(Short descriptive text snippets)
====
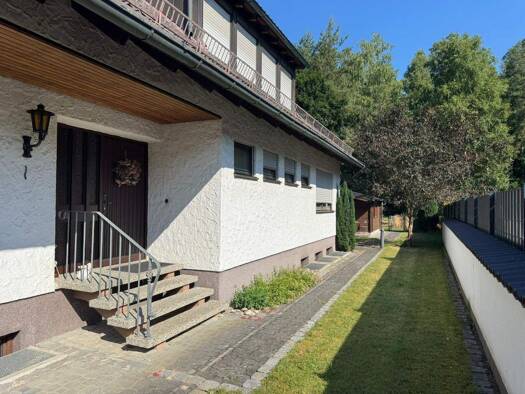 Haus zum Kauf 765.000 € 7 Zimmer 270 m² 1.154 m² Grundstück Sperberslohe Wendelstein 90530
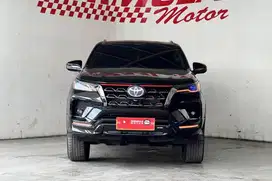 Toyota Fortuner VRZ TRD 2.4 AT 2021 Black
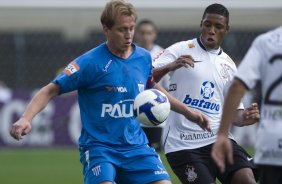 CORINTHIANS/SP X AVAI/STA. CATARINA - Marquinhos e Jucilei em um lance da partida realizada esta tarde no estdio do Pacaembu, zona oeste da cidade, vlida pelo turno do Campeonato Brasileiro de 2009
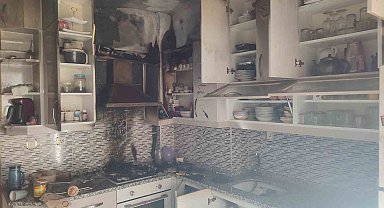 Mutfakta çıkan yangın evi küle çeviriyordu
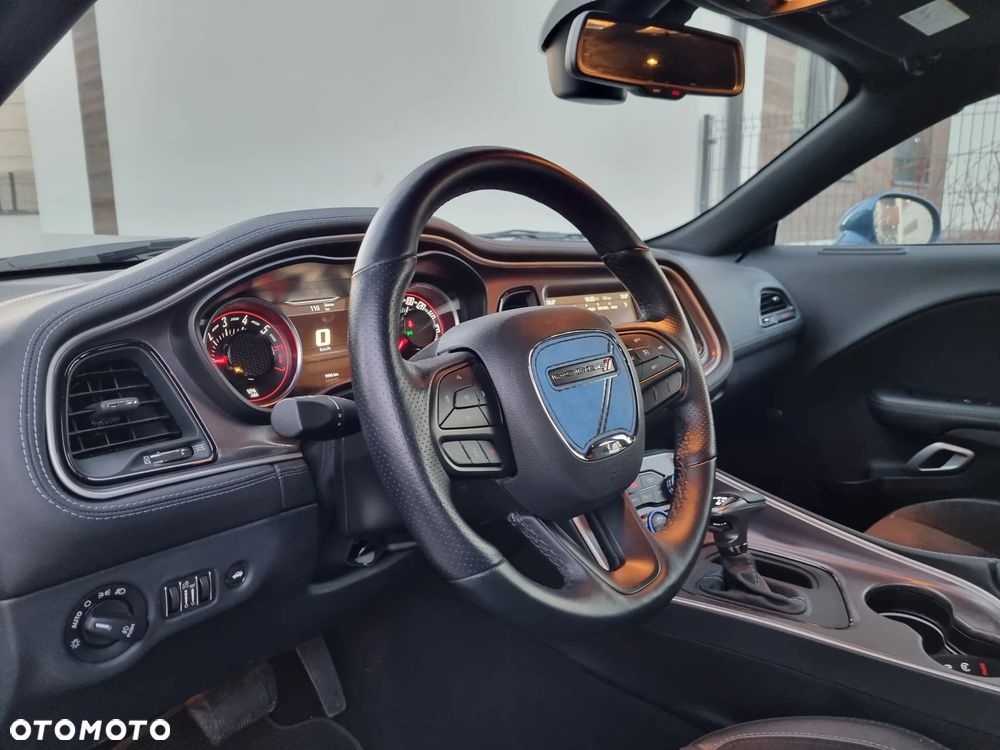 Dodge Challenger 6.4 Scat Pack - 10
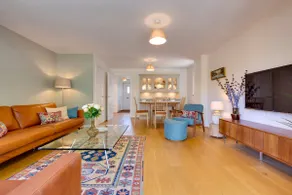 Stylish luxury on edge of Cambridge Free Parking Pass the Keys - Image 3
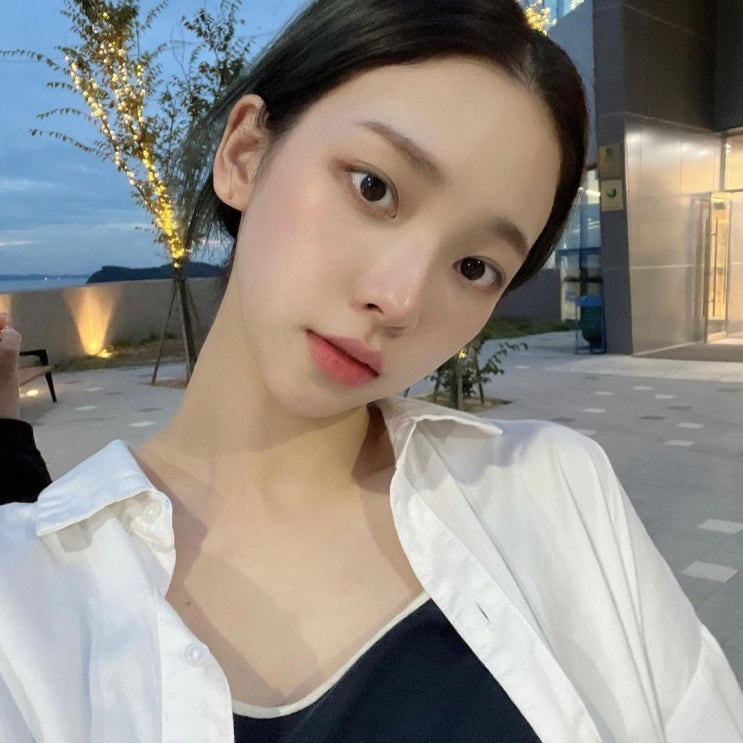 그룹 에스파 카리나, 어깨를 드러낸 얇은 끈 원피스 입고 포즈...쇄골 라인 보이며 무결점 미모 그룹 에스파 카리나, 어깨를 드러낸 얇은 끈 원피스 입고 포즈...쇄골 라인 보이며 무결점 미모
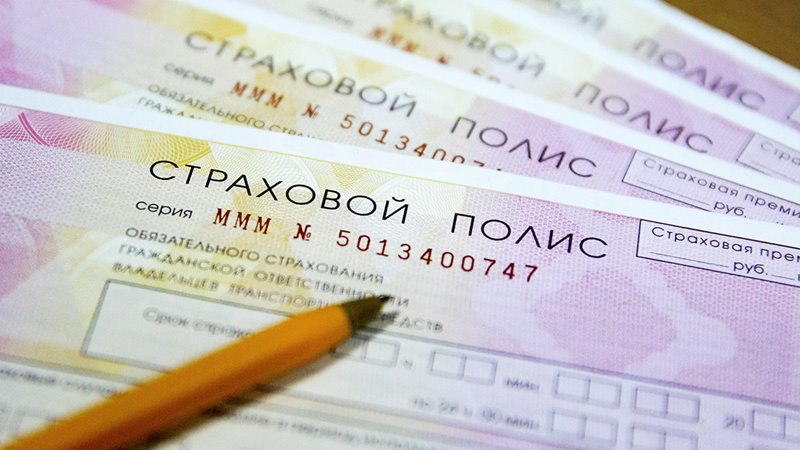 Лимит выплат по европротоколу в случае разногласий после ДТП увеличен до 200 тысяч рублей. Президент РФ Владимир Путин подписал закон, предусматривающий внесение изменений в закон об ОСАГО. Документ опубликован на официальном портале правовой информации. Согласно внесенным изменениям, максимальный лимит выплат при оформлении ДТП по европротоколу в случае разногласий между сторонами увеличивается со 100 тысяч до 200 тысяч рублей. Обязательным условием является наличие фотографий, которые подтверждали бы повреждения. Если таких фотографий нет, то тогда сумма лимита остается прежней – 100 тысяч рублей. Если у участников ДТП нет разногласий и имеются подтверждающие повреждения фотографии, то максимальная сумма выплат составляет, как и ранее, 400 тысяч рублей.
====
With the pictures omitted, set down each line exactly, starting at the first line of the records above and ending with the line that contains "Toyota Fortuner VRZ TRD 2.4 AT 2021 Black".

# [Task output]
 Haus zum Kauf 765.000 € 7 Zimmer 270 m² 1.154 m² Grundstück Sperberslohe Wendelstein 90530
 Toyota Fortuner VRZ TRD 2.4 AT 2021 Black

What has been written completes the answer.